David Hemingway explained more than he perhaps intended when quoted as saying he wanted Swanton to be the “quiet sleepy New England Town” it’s always been, and that he just wants “peace.”

Mr. Hemingway was the person identified as the one who has been using his paint brush and bucket of white paint to cover up art supporting Black Lives Matter. As soon as the Black Lives Matter art appeared, Mr. Hemingway would cover it with his white paint and leave a peace sign.

“It wasn’t that I disagree. I have the right to put my peace sign on there. I was just doing what I do, I don’t put Black Lives Matter, I don’t put on anything else, just a peace sign…” Mr. Hemingway said.

Legally, there is nothing wrong with Mr. Hemingway’s actions. Swanton’s rules for the five art boards — which have been around since 2015 — are pretty lax. No words, just art.
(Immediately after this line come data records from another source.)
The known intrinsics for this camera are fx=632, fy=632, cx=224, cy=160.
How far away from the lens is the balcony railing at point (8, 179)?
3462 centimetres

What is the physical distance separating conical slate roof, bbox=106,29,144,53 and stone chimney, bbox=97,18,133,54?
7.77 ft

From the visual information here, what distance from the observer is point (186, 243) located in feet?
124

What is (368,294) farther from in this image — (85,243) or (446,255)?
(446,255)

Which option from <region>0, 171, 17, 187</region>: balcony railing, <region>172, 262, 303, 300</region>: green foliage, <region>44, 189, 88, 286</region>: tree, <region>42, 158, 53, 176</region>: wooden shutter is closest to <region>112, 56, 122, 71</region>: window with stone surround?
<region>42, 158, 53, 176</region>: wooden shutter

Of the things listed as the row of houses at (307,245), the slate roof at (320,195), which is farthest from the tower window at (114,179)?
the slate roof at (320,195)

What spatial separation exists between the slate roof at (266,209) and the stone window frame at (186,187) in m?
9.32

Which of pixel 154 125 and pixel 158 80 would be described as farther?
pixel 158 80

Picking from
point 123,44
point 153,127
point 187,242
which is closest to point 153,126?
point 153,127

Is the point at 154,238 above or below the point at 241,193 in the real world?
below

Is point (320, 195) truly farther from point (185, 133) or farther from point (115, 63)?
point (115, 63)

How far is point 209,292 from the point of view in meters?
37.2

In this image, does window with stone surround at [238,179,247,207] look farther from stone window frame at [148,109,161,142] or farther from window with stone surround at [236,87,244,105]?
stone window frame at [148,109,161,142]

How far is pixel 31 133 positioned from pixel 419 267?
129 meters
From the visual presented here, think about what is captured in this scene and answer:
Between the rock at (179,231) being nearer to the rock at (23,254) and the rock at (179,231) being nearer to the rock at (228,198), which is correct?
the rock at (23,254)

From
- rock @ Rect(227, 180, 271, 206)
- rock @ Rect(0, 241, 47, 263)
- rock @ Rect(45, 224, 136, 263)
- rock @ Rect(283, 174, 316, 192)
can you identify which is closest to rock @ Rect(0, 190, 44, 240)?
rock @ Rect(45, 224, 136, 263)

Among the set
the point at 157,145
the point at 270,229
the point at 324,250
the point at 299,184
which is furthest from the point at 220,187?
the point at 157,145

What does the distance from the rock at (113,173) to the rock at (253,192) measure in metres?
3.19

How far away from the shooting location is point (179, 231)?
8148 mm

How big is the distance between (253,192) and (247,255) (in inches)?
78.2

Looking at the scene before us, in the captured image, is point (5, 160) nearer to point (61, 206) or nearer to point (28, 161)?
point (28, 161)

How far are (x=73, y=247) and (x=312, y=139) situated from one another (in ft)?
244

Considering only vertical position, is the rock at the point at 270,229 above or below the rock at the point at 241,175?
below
But Mr. Hemingway knows better. A parent with two children would not allow the second to paint over what the first did as soon as it was finished. Mr. Hemingway could have waited a week and then taken his turn, along with anyone else. He didn’t. He wanted his message to stand and theirs to disappear. He knows that. We all do. No one is fooled. Call it what it is; racism, peace’s opposite.

The sad part of the story is that the Swanton Village Trustees Monday night ordered all five walls to be taken down. The walls had become political statements, and to the trustees and many of Swanton’s community members, they had become divisive. And, typical of today’s world, the nastiness broke out on social media channels; the keyboard warriors began taking hateful aim at one another.
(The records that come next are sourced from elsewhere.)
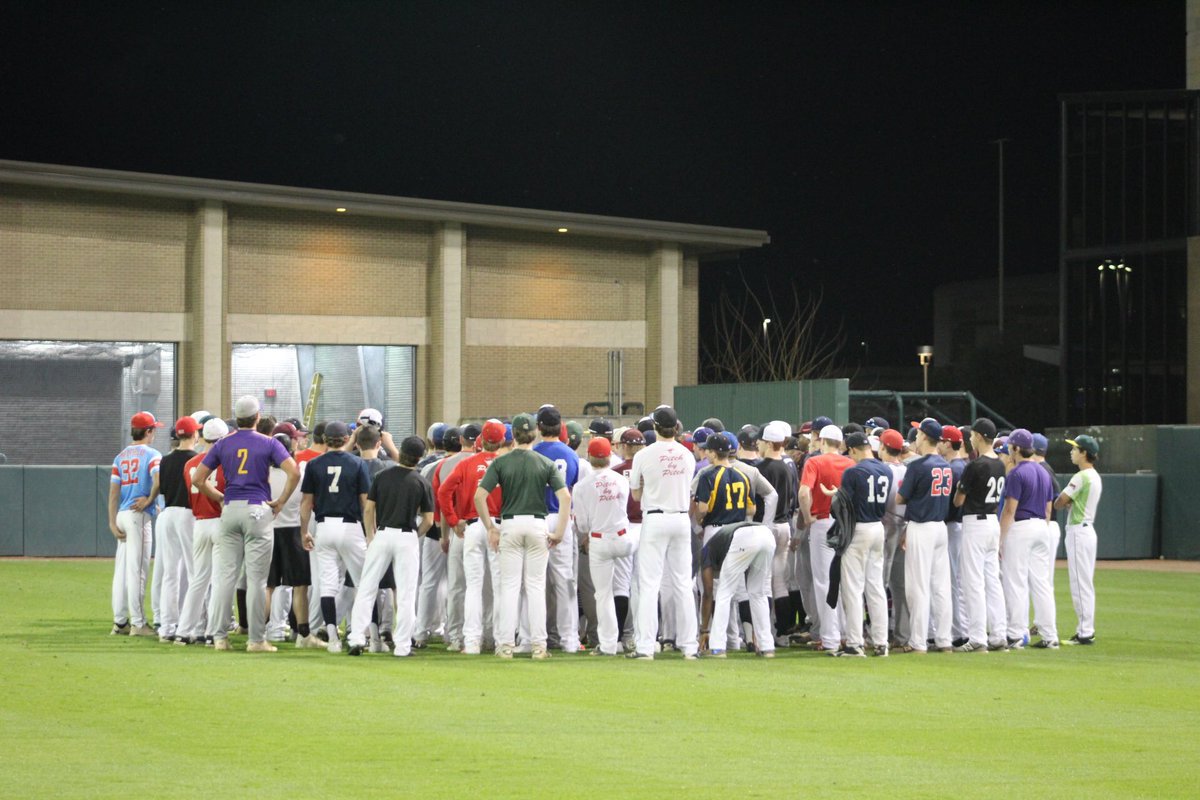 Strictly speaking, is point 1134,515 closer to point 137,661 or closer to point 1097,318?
point 1097,318

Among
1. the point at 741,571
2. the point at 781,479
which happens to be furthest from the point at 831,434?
the point at 741,571

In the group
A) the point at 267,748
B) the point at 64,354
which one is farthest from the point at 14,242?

The trustees had had enough. The walls came down and a hiatus was declared until the first of the year, when it may be revisited.

Village Manager Reggie Beliveau was right when pointed out that Swanton’s story is a good one; the community has made considerable progress in a number of uplifting endeavors and it’s regretful to see all the good washed over by the media’s coverage of an event with negative overtones.

But that needn’t be what eventually prevails. It’s important that Swanton find a way to put the walls back up, which will require improved communication between the sides, and that will necessitate examining Mr. Hemingway’s words.

Peace, for example, is not something forged out of silence. It’s not something that can be achieved when one side tries to prevail over the other. And it cannot be found by pretending inequities don’t exist.

When Mr. Hemingway talks about wanting Swanton to be the quiet little town he remembers [and he has company] that’s another way of looking in the past, fearful of addressing new thoughts and different realities. Peace, true peace, a peace that lasts, is something hard fought and it doesn’t come from a place of complacency.

The art boards are gone and the vitriol on social media will fade, but the need to address Black Lives Matter and general issues of discrimination and inequity remain in Swanton [and throughout Vermont], they’ve just been papered over. The peace comes when Black Lives Matter art is put up and no one objects. The peace comes when Mr. Hemingway puts up his peace sign in a respectful manner, and no one objects.

To get there, the art needs to return, but it needs to be prefaced with some face-to-face community meetings. Instead of treating this as an obstacle, let’s treat it as the opportunity that it is.